• **Problem statement**
Print the listing below again, exactly. Skip the pictures.

• **The records**
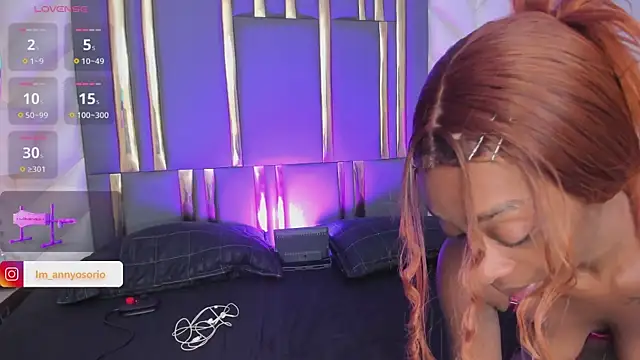 Snapshot of Anny_osorio chatting on October 23, 7:31 pm Anny osorio online show from October 23, 7:31 pm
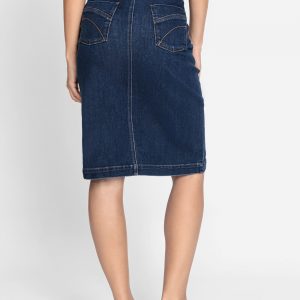 Olsen Dark Denim Skirt 16001353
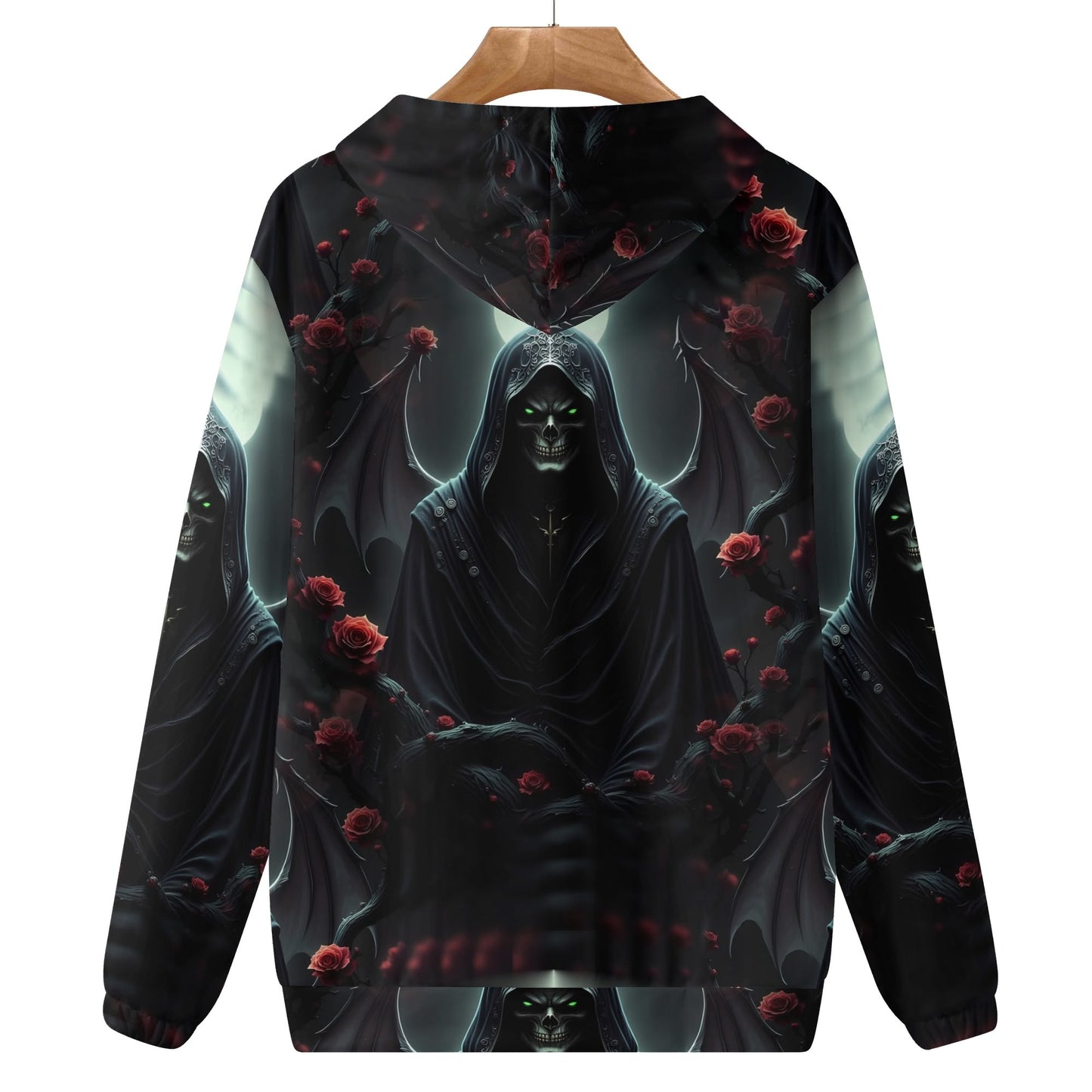 Midnights Omen - Unisex Hoodie - A Gothic Tapestry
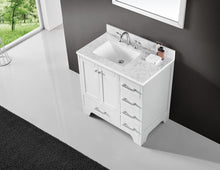 Load image into Gallery viewer, APLUS CLARIETTE CL-101 series Bathroom Vanity. Cabinet & Marble Top & Sinks.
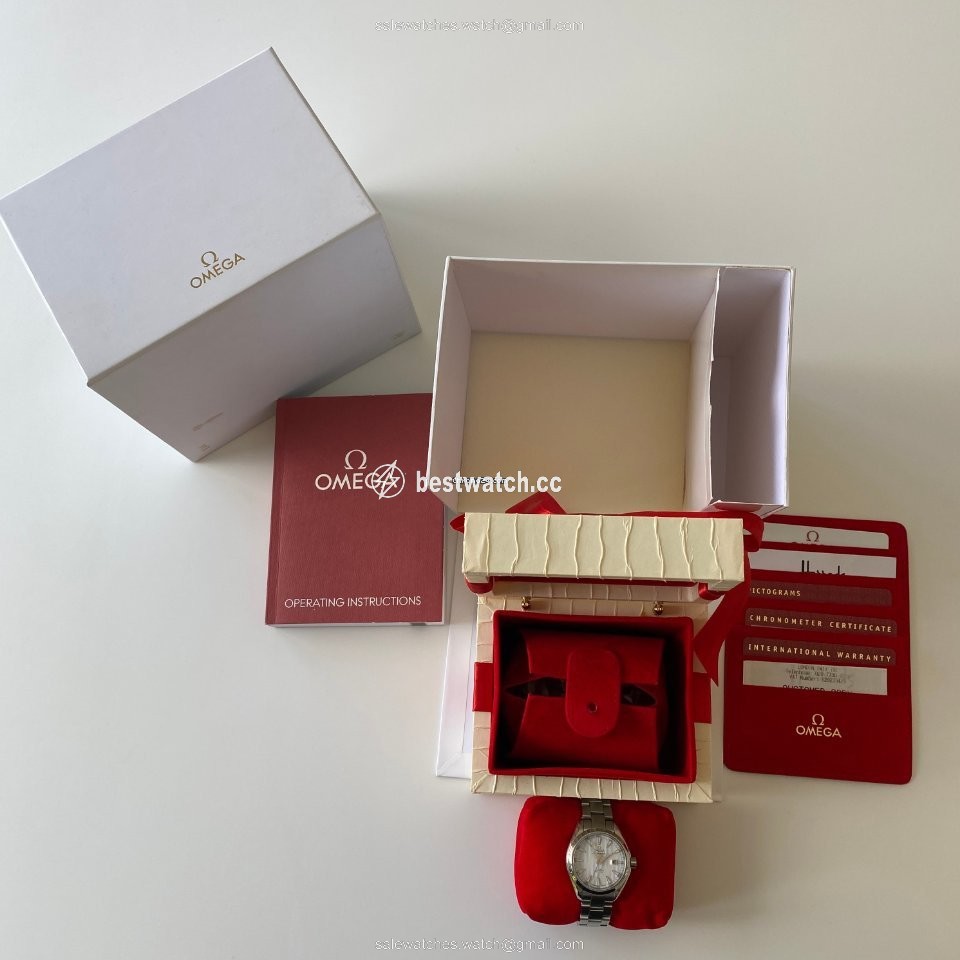 Omega Seamaster Aqua Terra Womens watch Automatic 23110342004001 3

• **Exercise response**
 Snapshot of Anny_osorio chatting on October 23, 7:31 pm Anny osorio online show from October 23, 7:31 pm
 Olsen Dark Denim Skirt 16001353
 Midnights Omen - Unisex Hoodie - A Gothic Tapestry
 Load image into Gallery viewer, APLUS CLARIETTE CL-101 series Bathroom Vanity. Cabinet & Marble Top & Sinks.
 Omega Seamaster Aqua Terra Womens watch Automatic 23110342004001 3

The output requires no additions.